**Material provided**
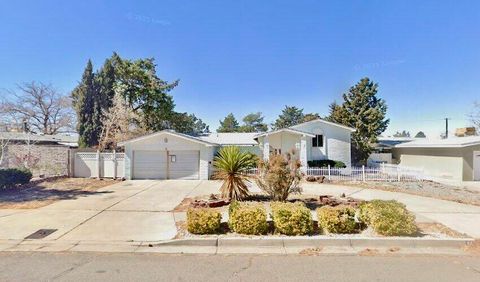 Photo of 1601 FIGUEROA Drive NE, Albuquerque, NM 87112 (MLS # 1092066)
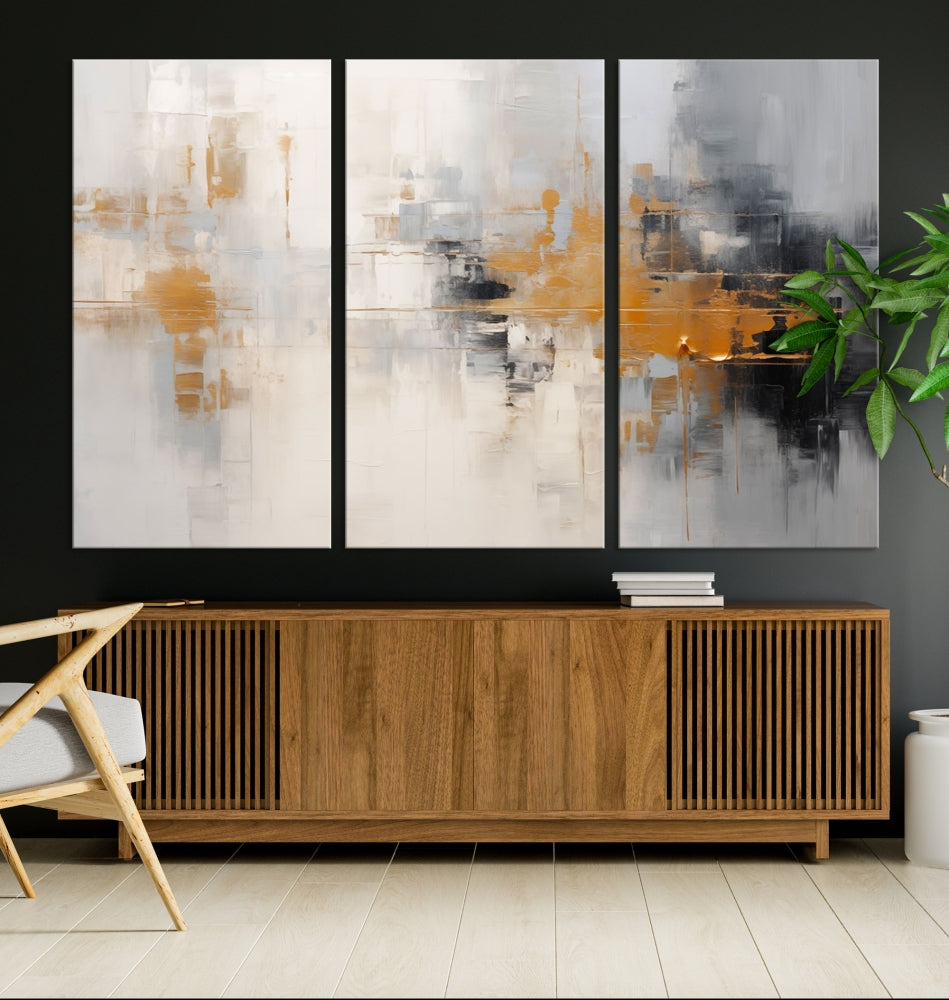 The Orange Pastel Abstract Wall Art Canvas Print, featuring a triptych of orange, white, and black hues, is elegantly displayed on museum-quality canvas.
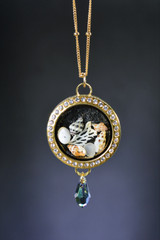 gold locket necklace with seashells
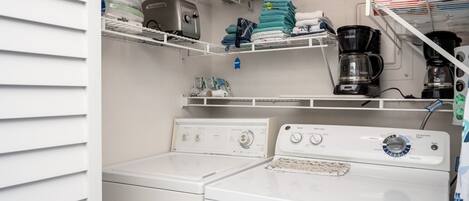 Un lavadero con dos lavadoras y secadoras de carga frontal blancas, estantes con toallas dobladas, una cafetera y una caja de detergente Tide.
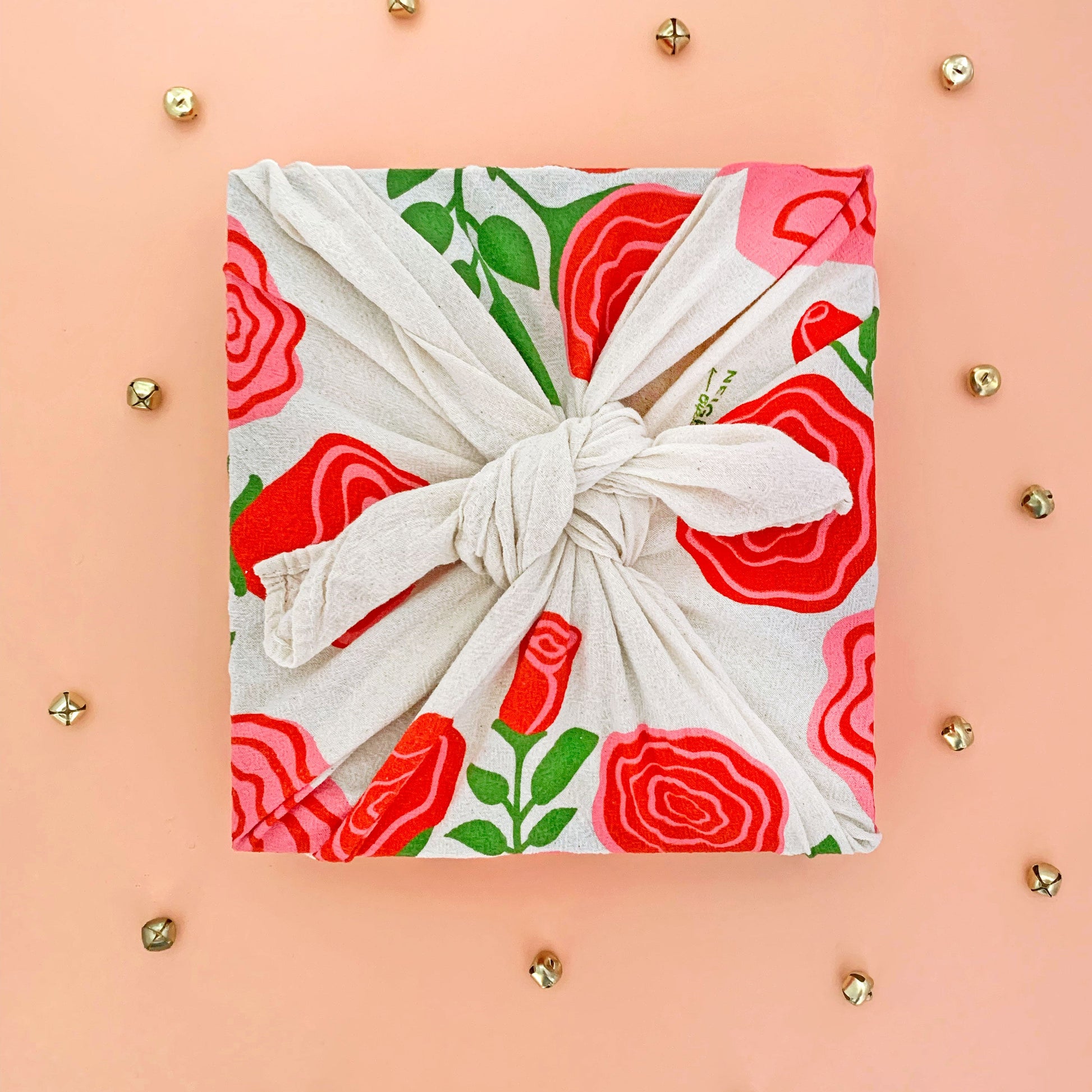 Rose tea towel used as sustainable gift wrap for a holiday present.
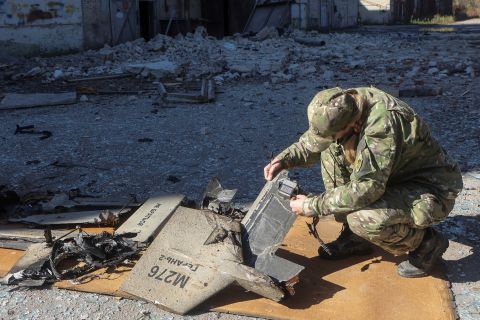 A police officer inspects parts of an unmanned aerial vehicle (UAV), that Ukrainian authorities consider to be an Iranian made suicide drone Shahed-136 on October 6.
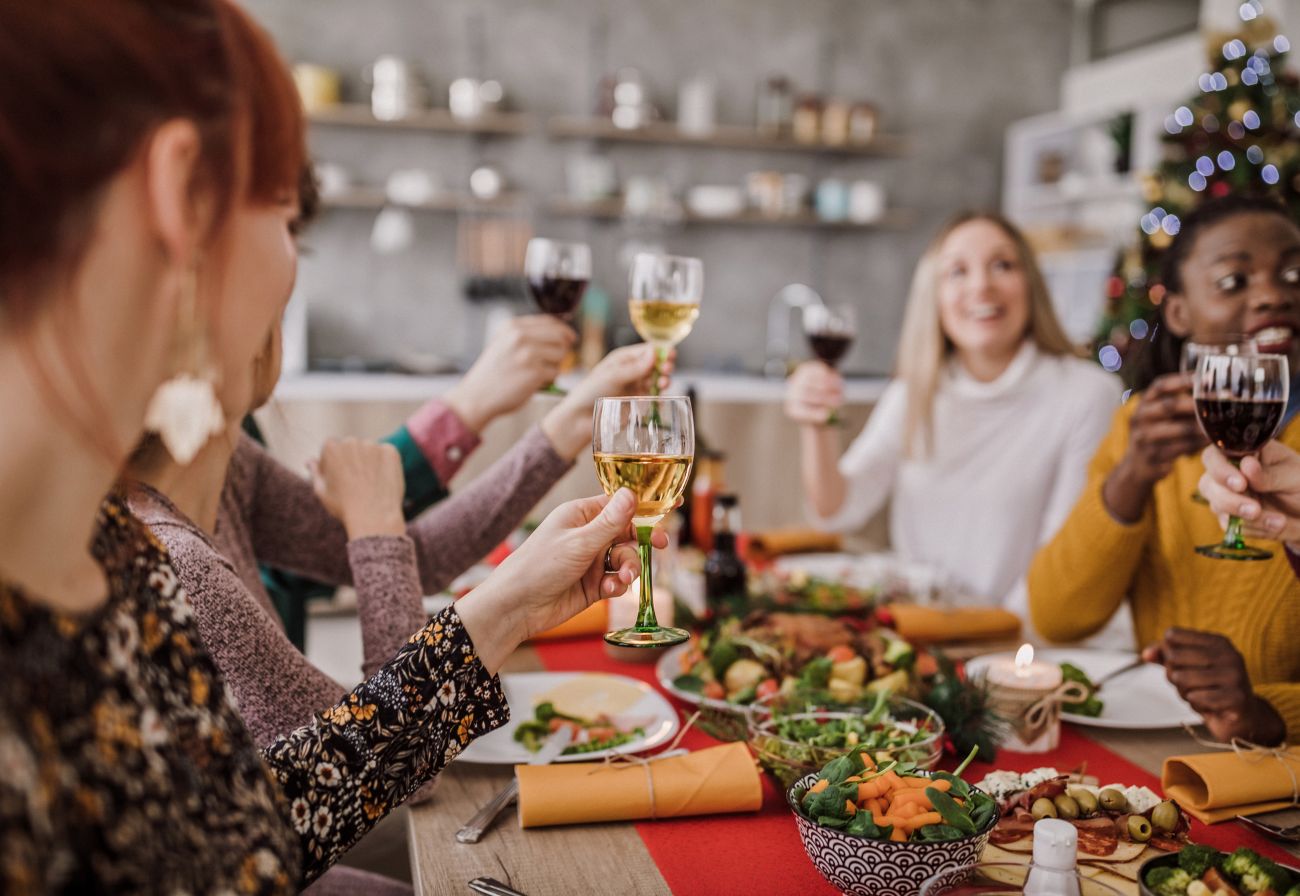 People celebrating Christmas at the dining table.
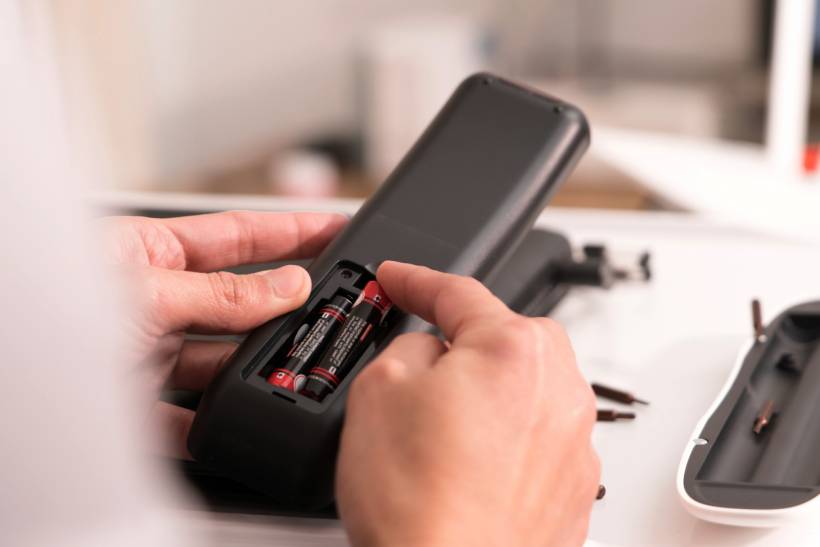 Checking the remote control batteries as part of basic TV repair diagnostics to avoid unnecessary costs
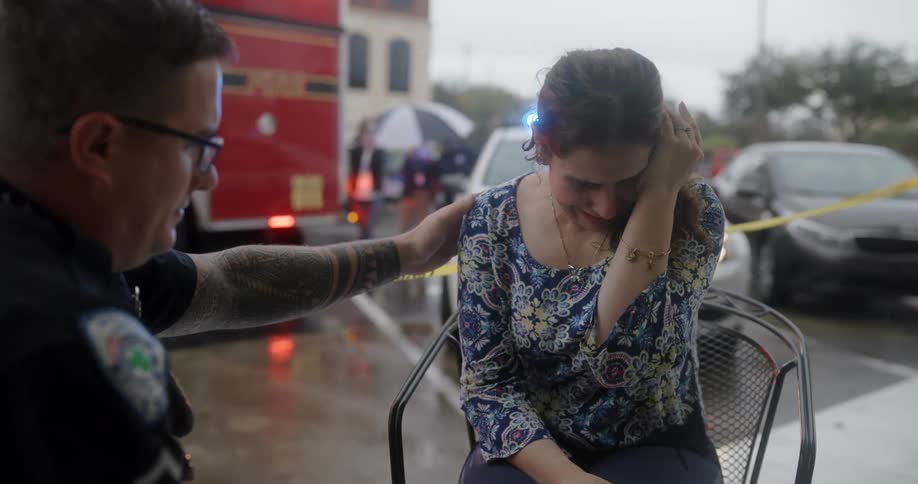Police officer comforting a crying woman with police cars and a fire truck in the background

**Problem to work on**
In the records above, find the line that contains "Un lavadero con" and repeat exactly that line and all lines after it to the end. Do not include pictures.

**Solved exercise**
 Un lavadero con dos lavadoras y secadoras de carga frontal blancas, estantes con toallas dobladas, una cafetera y una caja de detergente Tide.
 Rose tea towel used as sustainable gift wrap for a holiday present.
 A police officer inspects parts of an unmanned aerial vehicle (UAV), that Ukrainian authorities consider to be an Iranian made suicide drone Shahed-136 on October 6.
 People celebrating Christmas at the dining table.
 Checking the remote control batteries as part of basic TV repair diagnostics to avoid unnecessary costs
Police officer comforting a crying woman with police cars and a fire truck in the background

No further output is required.